- [TASK GOAL] In the records below, repeat word for word only the lines starting at the one that contains "Pair of Art" and ending at the one that contains "Richtfest für den", pictures excluded.

- [RECORDS]

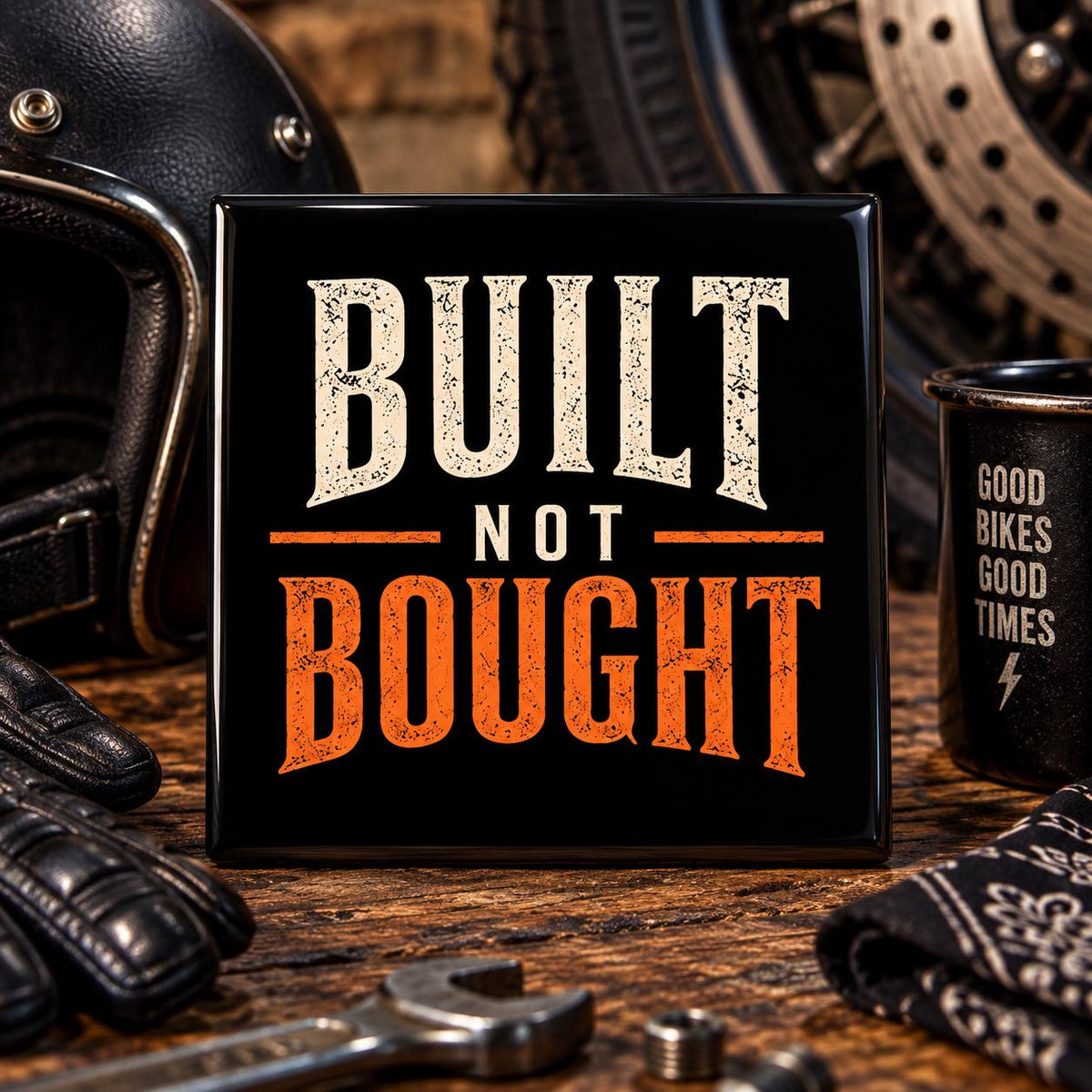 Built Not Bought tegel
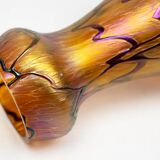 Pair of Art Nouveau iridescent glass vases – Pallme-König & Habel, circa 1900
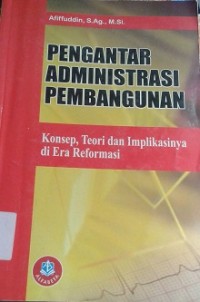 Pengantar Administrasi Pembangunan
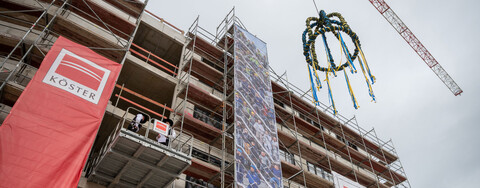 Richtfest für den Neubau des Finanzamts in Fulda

==

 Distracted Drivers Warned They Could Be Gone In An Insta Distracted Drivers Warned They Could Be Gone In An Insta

- [WRITTEN RESPONSE]
 Pair of Art Nouveau iridescent glass vases – Pallme-König & Habel, circa 1900
 Pengantar Administrasi Pembangunan
 Richtfest für den Neubau des Finanzamts in Fulda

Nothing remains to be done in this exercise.